Quotient social

Données au suivant

Quotient social permet à des organismes de bienfaisance de profiter de l’intelligence artificielle.

D’un côté, des organismes de bienfaisance aux moyens modestes, mais aux activités complexes touchant des milliers de personnes. De l’autre, deux amoureux des données et de l’analytique au sein de cabinets comptables réputés.

Ainsi est né en septembre 2017 Quotient social, un projet qui s’est donné pour mission de faire profiter des organismes à but non lucratif des avancées de l’intelligence artificielle. Moisson Montréal, Les Grands Ballets canadiens, Grands Frères Grandes Sœurs du Grand Montréal et Opération Enfant Soleil, entre autres, ont profité de ce maillage improbable.

« Ce sont des organismes bien connus dans leur domaine spécifique, mais qui n’ont pas l’expertise, le temps et les ressources financières pour exploiter l’intelligence artificielle », explique un des confondateurs de l’initiative, Eric Nguyen, directeur intelligence artificielle chez Raymond Chabot Grant Thornton.

Armée de bénévoles

M. Nguyen et son partenaire au départ, Hervé Mensah, alors chez Deloitte et aujourd’hui directeur en science de données à La Presse, se sont inspirés d’AI for Good, une plateforme de l’Organisation des Nations unies dont le mandat est l’utilisation humanitaire de l’intelligence artificielle.

Les deux cofondateurs comptent aujourd’hui sur une équipe d’une douzaine de personnes, épaulées par 80 collaborateurs, tous bénévoles. Le concept : offrir des formations mensuelles à des informaticiens qui souhaitent acquérir une expertise en intelligence artificielle (IA), plus précisément en apprentissage automatique. Cet outil consiste à « entraîner » une IA en lui soumettant des masses de données, dont elle extrapole des constantes. On peut ensuite prédire ou planifier les meilleures façons de faire.

En retour, ces professionnels formés par Quotient social donnent de leur temps à des organismes de bienfaisance. Personne ne reçoit de salaire, l’initiative est rendue possible par quelques dons de partenaires et des locaux prêtés.

Confidentialité et anonymat

Que concoctent exactement les bénévoles de Quotient social ? Chez Moisson Montréal, le directeur général Richard Daneau les appelle ses « génies généreux », des « data philanthropes » avec lesquels il travaille depuis plus d’un an.

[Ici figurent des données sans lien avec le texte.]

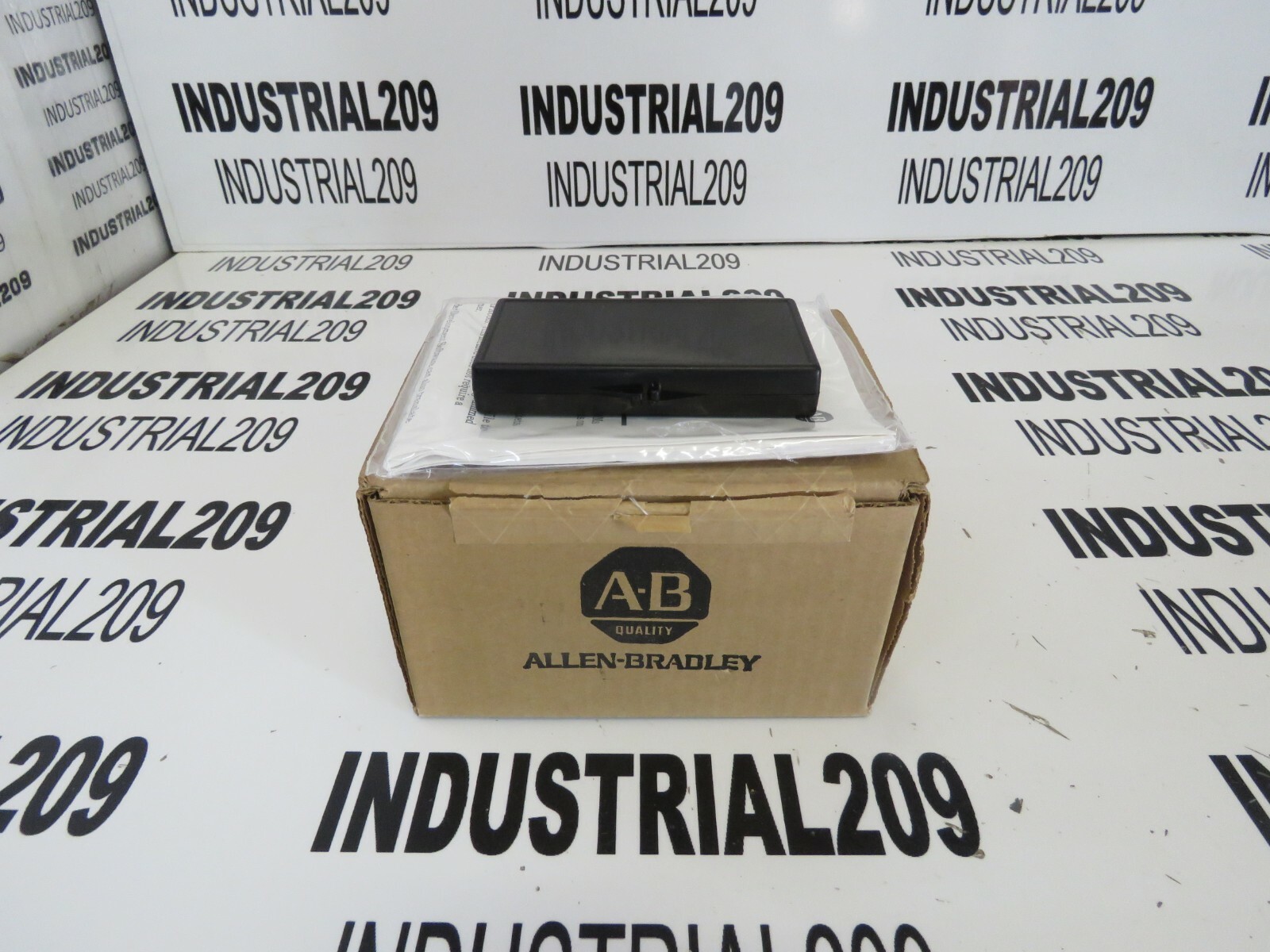 ALLEN BRADLEY 2711 EEPROM CHIPSET 2711-NM2 NEW IN BOX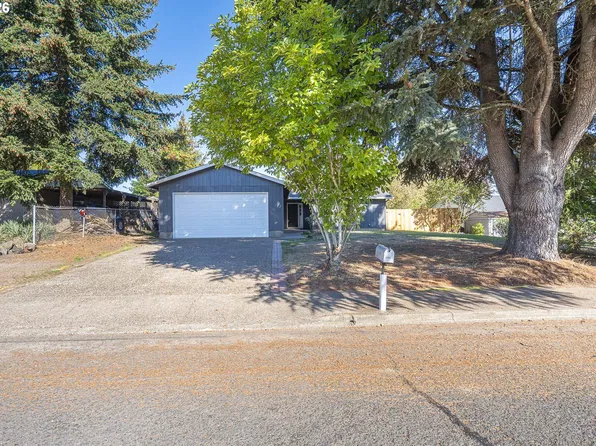 2713 E Walnut Ave, Newberg, OR 97132
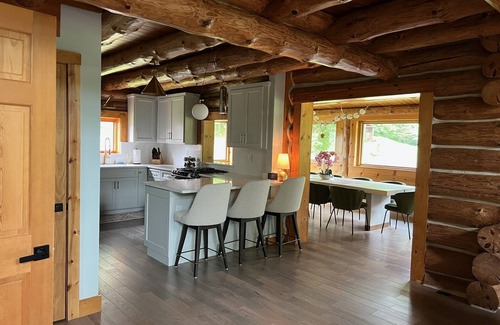 Rockbridge Cabin | Terrapin Hideaway's Loggerhead Main Lodge, Hocking Hills Logan Laureville Rockbridge Sleeps 16 Hot t.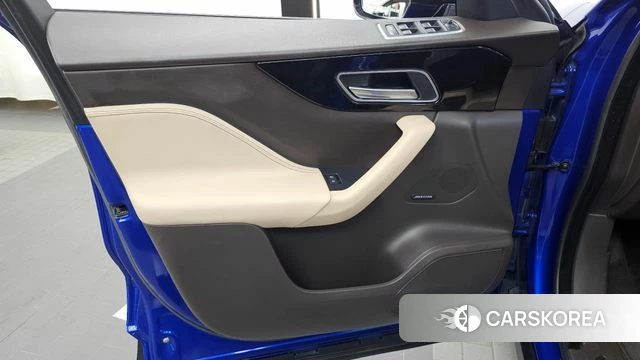 Jaguar F-PACE id 4765492 из Кореи 16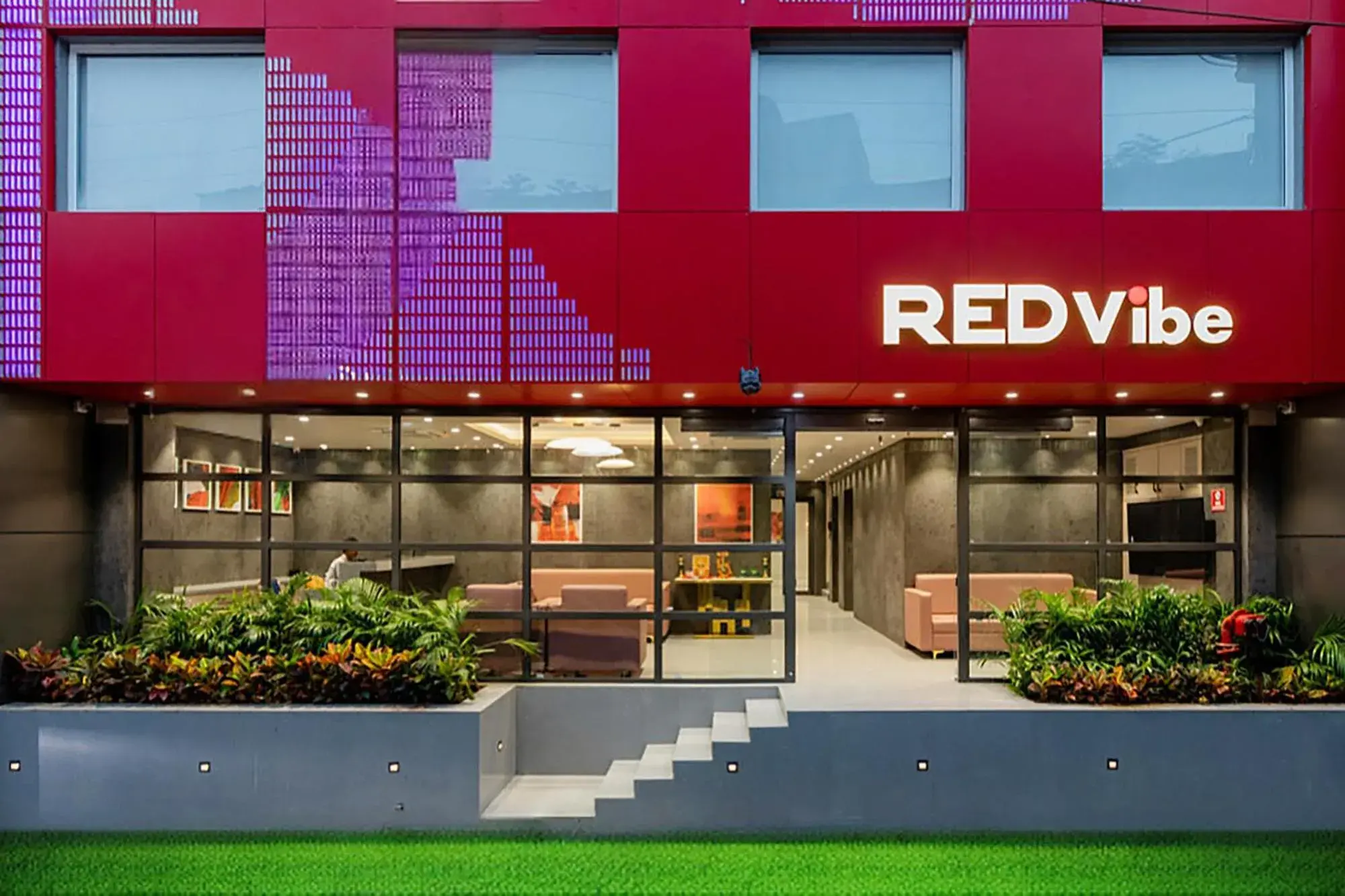 Facade/entrance in FabHotel Red Vibe - Kasturba Nagar Facade/entrance in FabHotel Red Vibe - Kasturba Nagar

« Est-ce qu’on peut faire parler le data comme James Bond fait parler les criminels, pour avoir une meilleure lecture de ce qu’on fait ? Si on gagne 10 heures en heures supplémentaires, c’est autant qu’on va investir pour les gens qui ont faim. Quand on met la main sur 1 $, on peut donner 15 $ de nourriture. »

— Richard Daneau, directeur général de Moisson Montréal

Premier exemple : établir le profil des donateurs et la meilleure façon de les solliciter. « Est-ce une femme, un homme ? Dans quel code postal, de quel âge ? Quand on les sollicite tous les trois mois, est-ce qu’on fait un bon coup ou on les embête ? »

On tente également d’optimiser la logistique de la cueillette des denrées alimentaires, et de mieux comprendre pourquoi certaines denrées sont refusées par certains des 250 organismes avec lesquels Moisson Montréal fait affaire chaque semaine. « Est-ce un enjeu de variété, de qualité, de produits ultratransformés ou pas ? Est-ce qu’ils ne veulent pas du macaroni au fromage ou on leur en donne trop ? » 

Et ça fonctionne, l’IA au service du communautaire ? « Ça marche, mais on n’est pas rendu aux bilans. Il faut commencer par apprendre à marcher. Je vais pouvoir vous le dire dans six mois. »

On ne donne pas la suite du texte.